After months of waiting to hear news on her case, Anna has started looking for jobs in Europe, mulling over whether it would be best for her to leave the US to work for a period of time. Now, with the oncoming recession and slow season, Tonkopi’s e-bike company has been struggling, resulting in layoffs and pay cuts in the company.
“I worked so hard to get everything I lost in Ukraine, and I haven’t started to gain something here yet,” Anna says, adding that she’s thankful for the support Ukraine has received in the US, including billions in military aid from the US government. She decided to stay in the US to be with Tonkopi, preferring to wait for work authorization instead of possibly working, but being alone, elsewhere.
Ukrainians have amassed support from average Americans sympathetic to their plight, too, with blue-and-yellow flags peppering social media bios, usernames, and yards. But as the months drag on, appetite for news about the war has seemed to dwindle, even as Ukraine has defended itself against Russia and recaptured territory. The TikTok algorithm is back to serving up celebrity gossip and Shein hauls. Google searches for the war have plunged from their peak. In calls to investors, the war has become a “geopolitical event” causing “headwinds,” if it is referenced at all.
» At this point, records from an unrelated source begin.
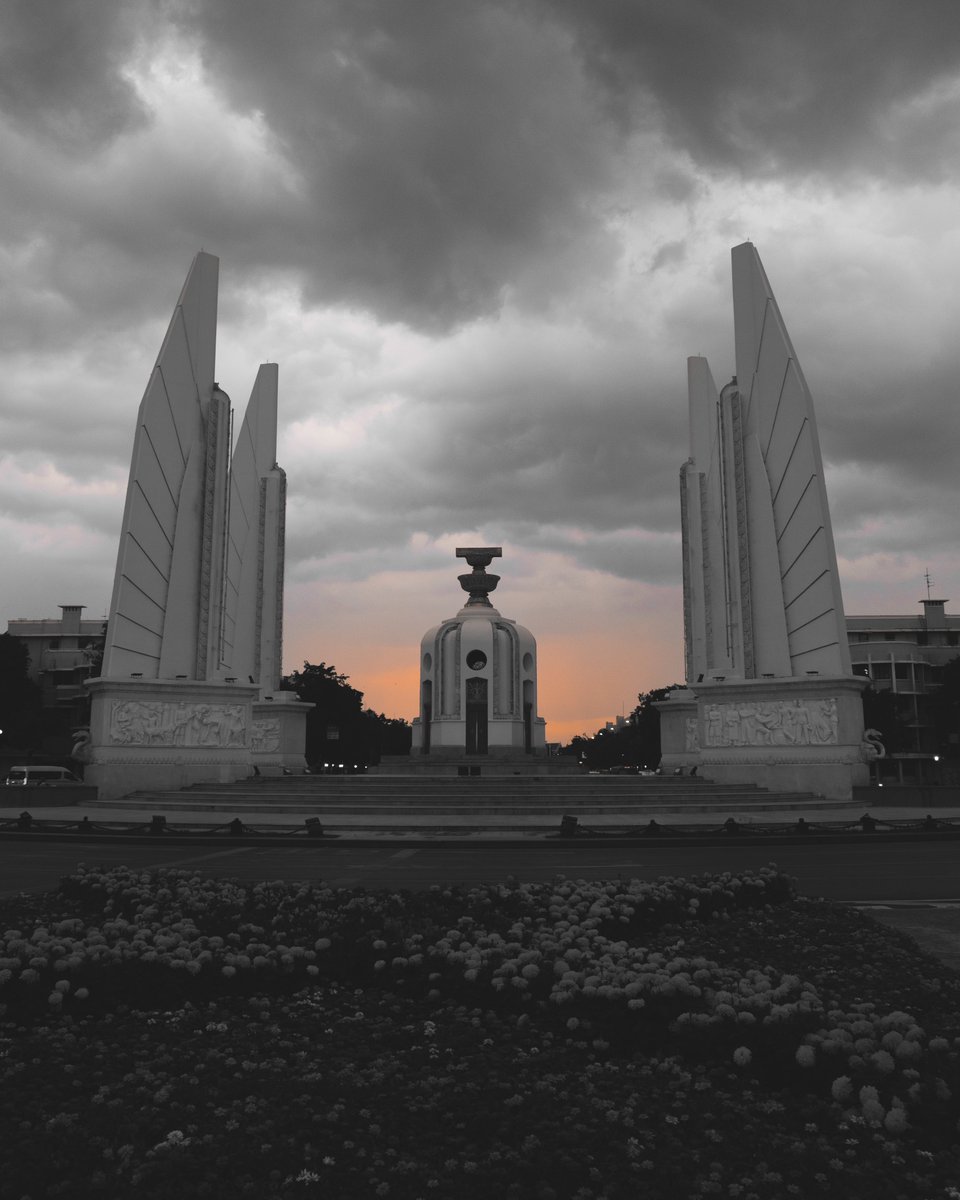 Thungphix tweet media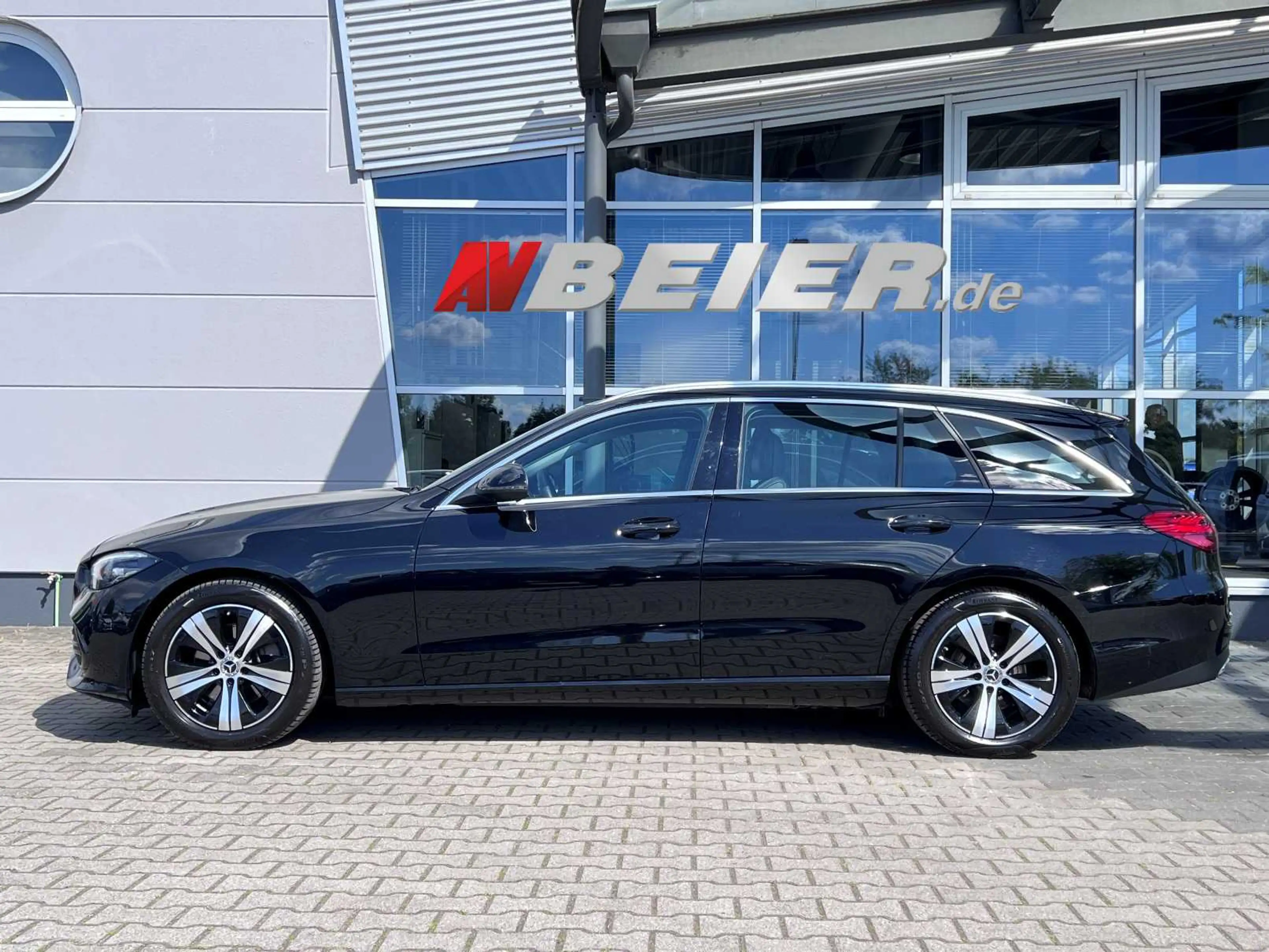 Mercedes-Benz C 200 Td LED Kamera 2xPDC Navi Lenkrad beheizt Avantga — photo 24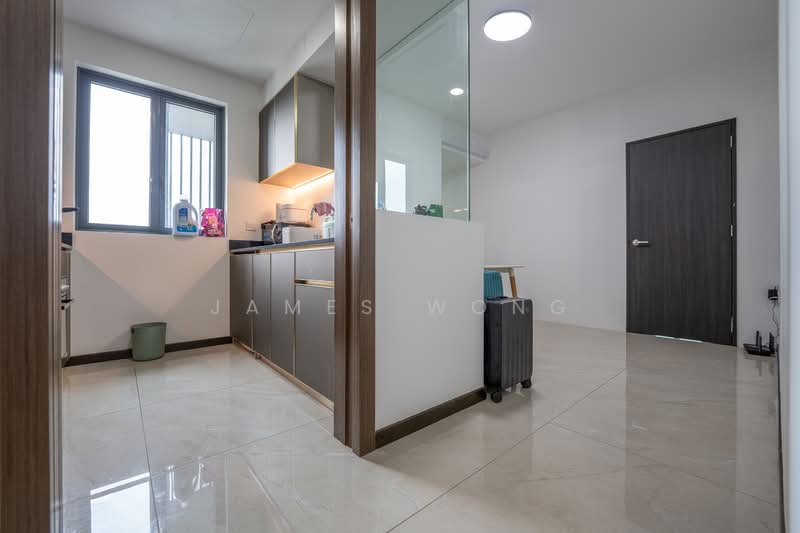 61 Normanton Park photo 2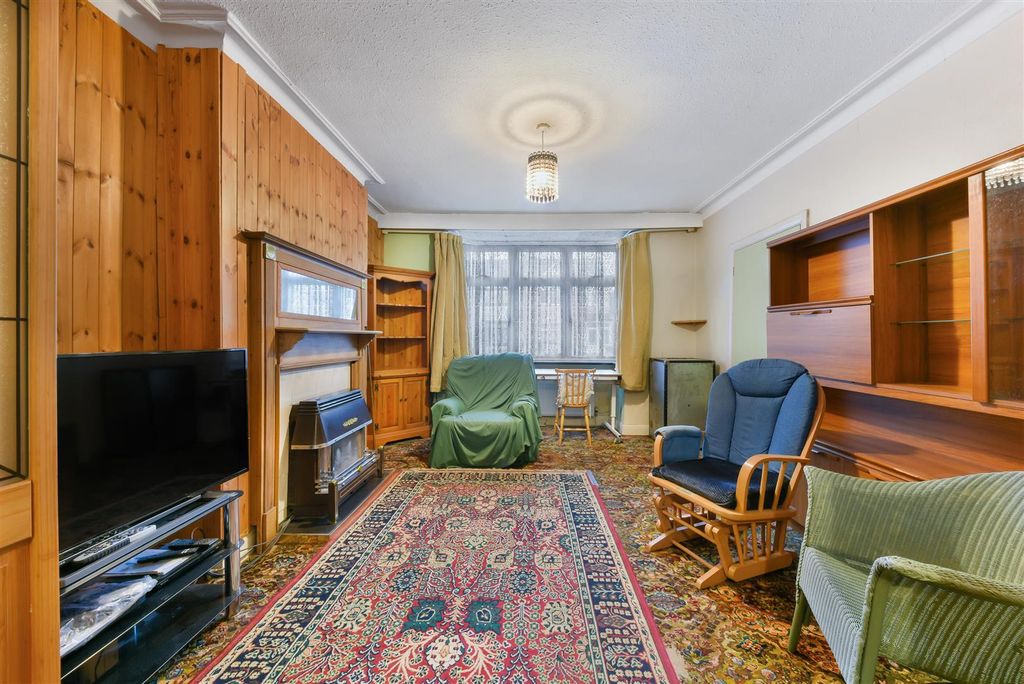 Property photo 2 of 14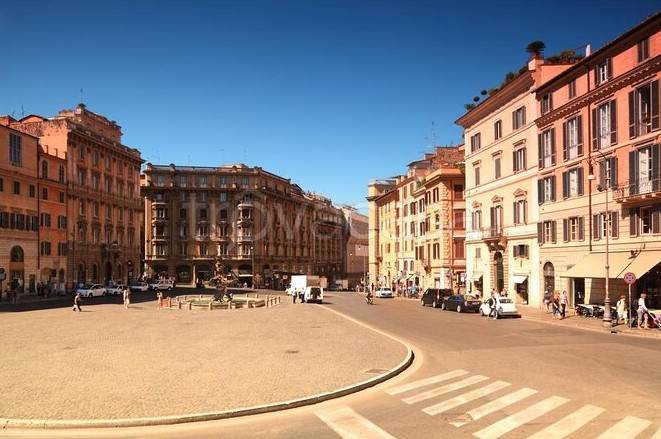 negozio in affitto a Roma in zona Trevi-Colonna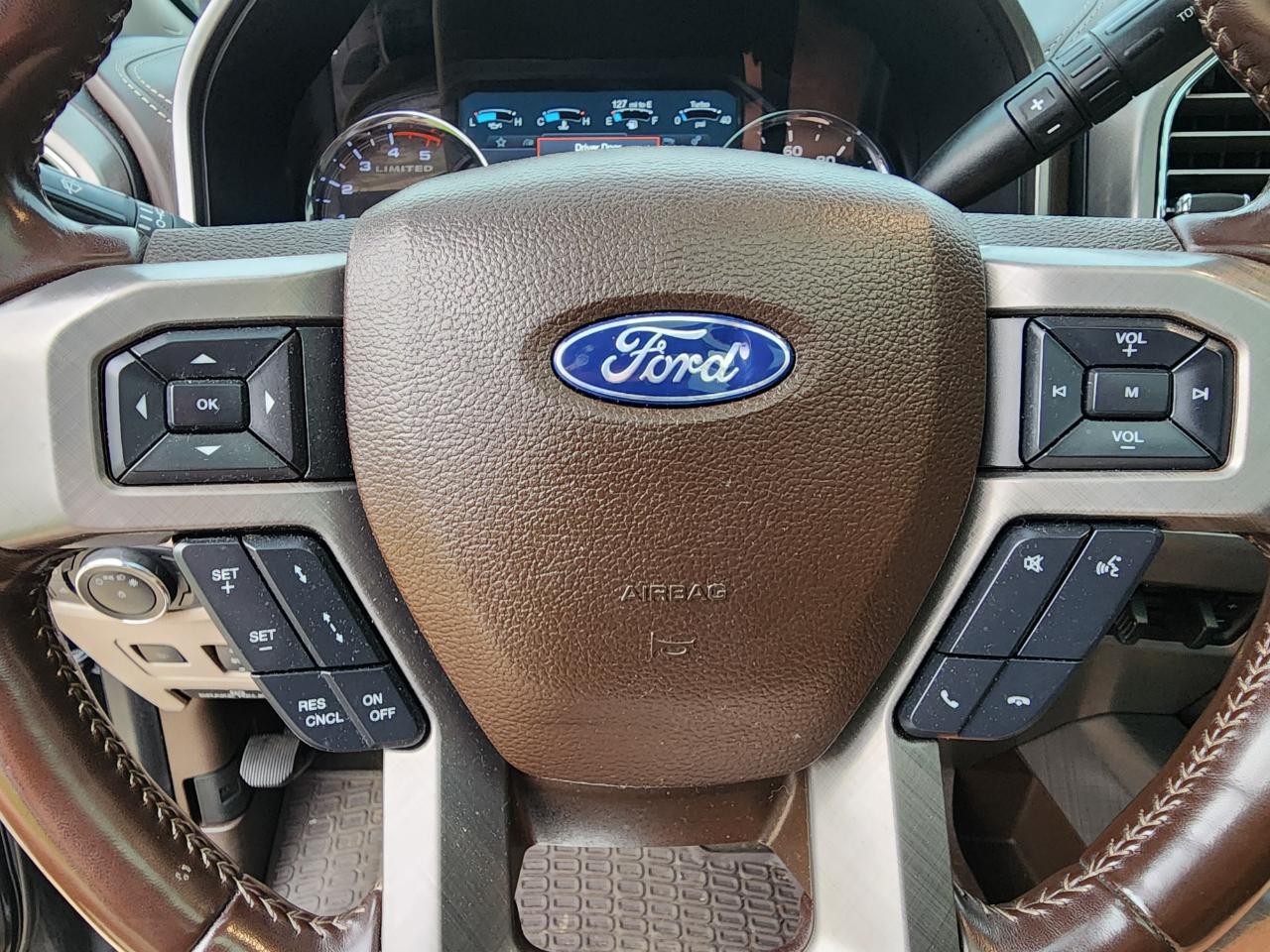 Ford Super Duty F-250 SRW Limited 4WD Crew Cab 6.75' Box 2018
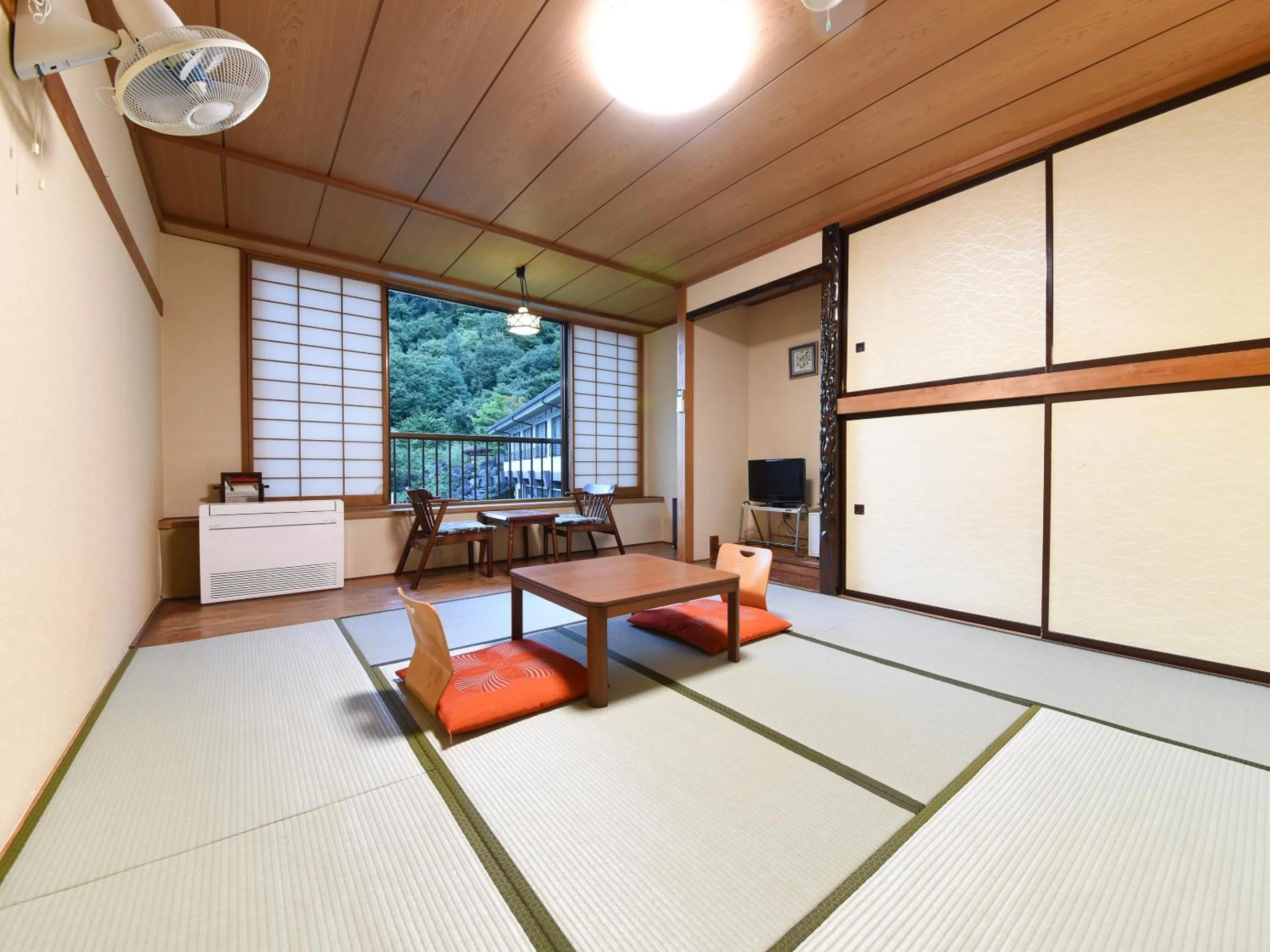 Photo of the whole room in Iwazonokan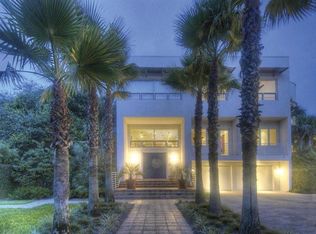 4203 9th St, Saint Simons Island, GA 31522
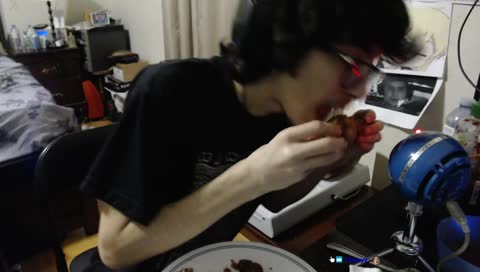 Streamer bites right into raw chicken 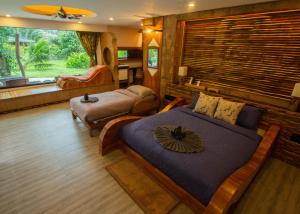 涛岛AC 2 Resort的卧室配有床、椅子和窗户。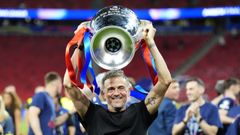 Luis Enrique levantando el trofeo de la Liga de Campeones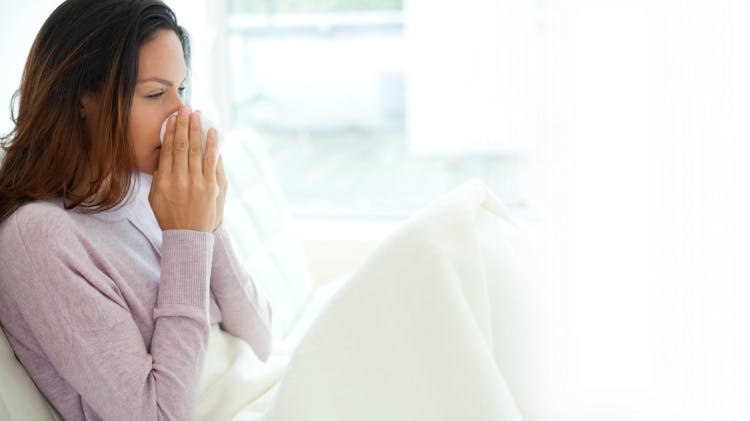 Femme malade sous une couverture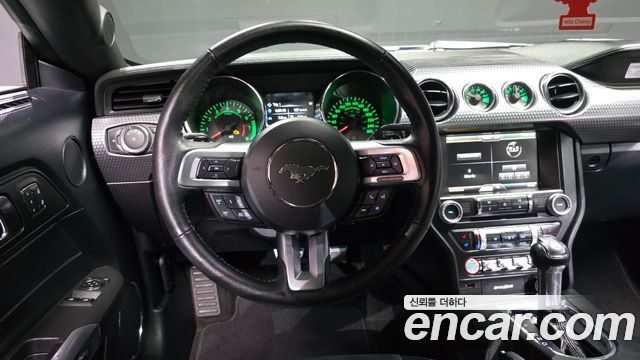 Ford Mustang Coupe 2015 — фото 13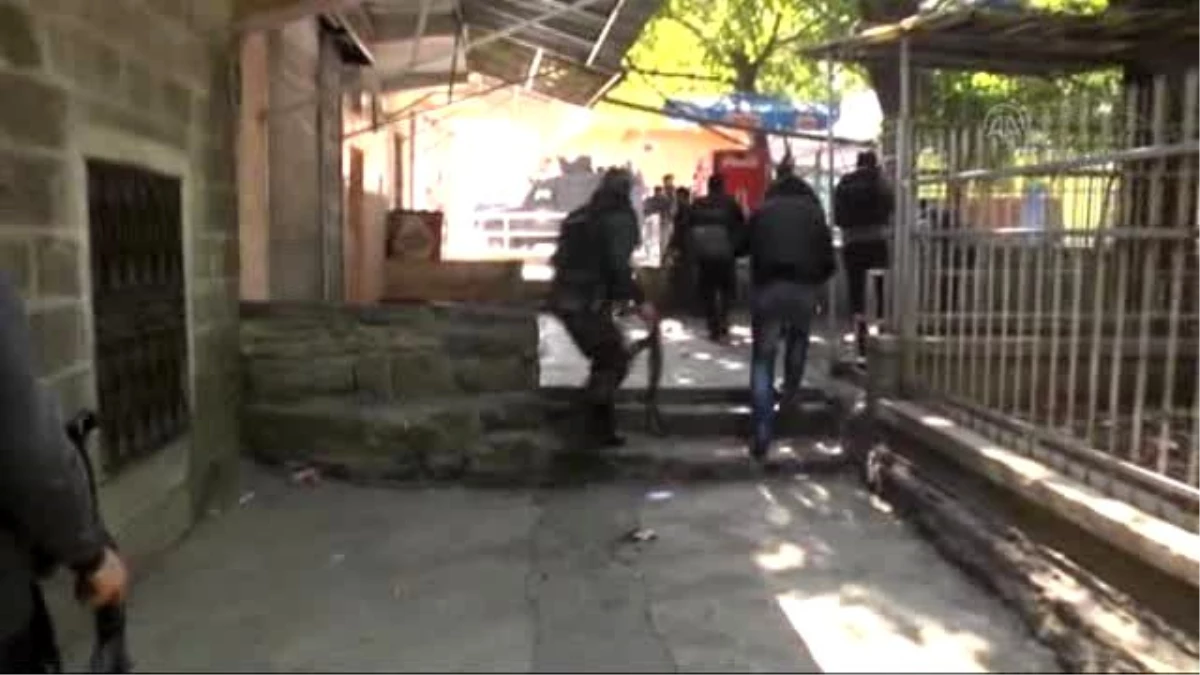Diyarbakır\'da Terör Operasyonuna Vatandaşlar Destek Verdi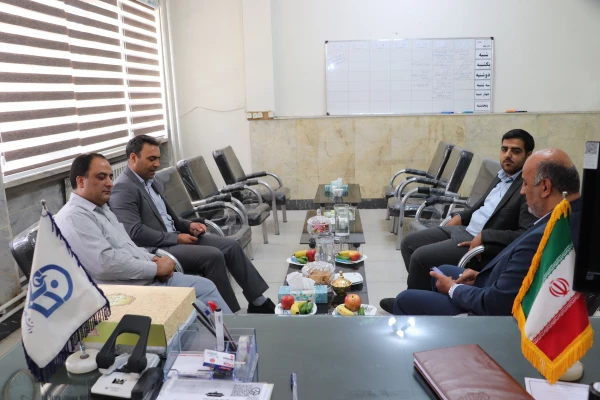 دیدار شهردار منطقه 5 نجف آباد ( امیرآباد) جناب آقای دکتر آخوندی و ریاست محترم مرکز جناب آقای دکتر کلانی  3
As the war becomes less of a focal point in the American media, Ukrainians are holding on tightly to the ties that bind them to the conflict. They relay war updates from family and friends in Ukraine, boost fundraisers and charities, and show support for troops online. The aspects of life that otherwise stood on their own — jobs, friendships, community — have also been engulfed by the war. Eventually, everything is consumed by a feeling of life or death.
The people far from the frontlines have internalized the importance of “doing their part,” which often amounts to showing up at their job, staying productive, and gritting through the precariousness, fear, and longing that swirl in their minds. It means pushing away the human instinct to worry about your existence and instead focusing on the task at hand. As a bitter winter sets in, the life many knew in Ukraine fades further away, and an unfamiliar, distant future looms amid the hope and anguish. There is no timeline, countdown, or promise for a new day. But if and when it comes, it is certain that work will be waiting.